Cuentan que llegó a América como un trueque de vicios. Colón se llevó el tabaco y a cambio les trajo a los indígenas en su segundo viaje un líquido agridulce que a los indios les recordó la palabra quechua guarapo y que luego derivó en el aguardientico antioqueño de anís y de graduaciones alcohólicas desde los 29 grados. Ese mismo que calienta las entrañas cuando de un golpe lo bebemos, al clima o helado, solo o acompañado con trozos de coco, uchuvas, limón, naranja, entre sorbos de cerveza y hasta con aguapanela en el tradicional canelazo.

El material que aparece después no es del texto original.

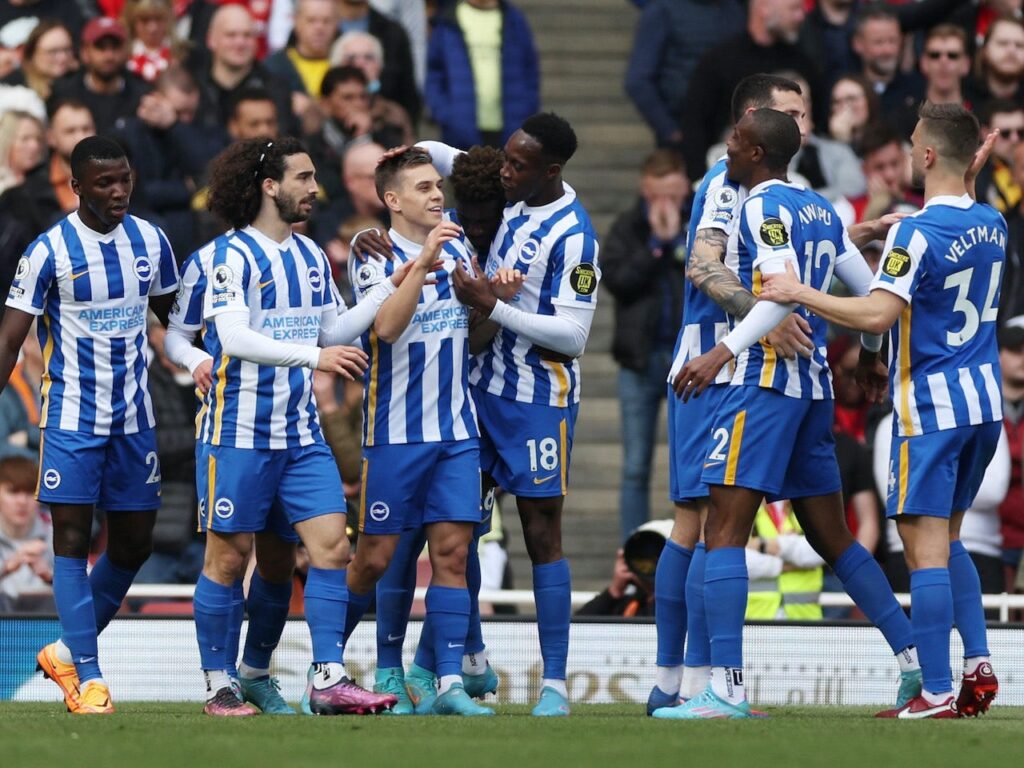 Brighton pockets £11million after final day comeback against West Ham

El guaro calienta el alma y los afectos. Prende de verdad. No en vano, el emperador Carlomagno mandó cultivar anís, por allá en el año 812, sabiendo que su nombre venía del griego anisemi, que significa excitar. El guaro fue mal visto en un tiempo e incluso, en un momento lleno de prohibiciones y represiones, acusado injustamente de promover con sus efectos actos delictivos e inmorales como el homicidio, el hurto y el estupro, un delito al que definían popularmente como "el acto de prometer para meter y, después de haber metido, olvidar lo prometido".
Hoy en día es para los paisas y el resto de Colombia como el vodka para los rusos o el whisky para los escoceses. Nuestro orgullo etílico y el combustible cristalino de cualquier rumba que se respete.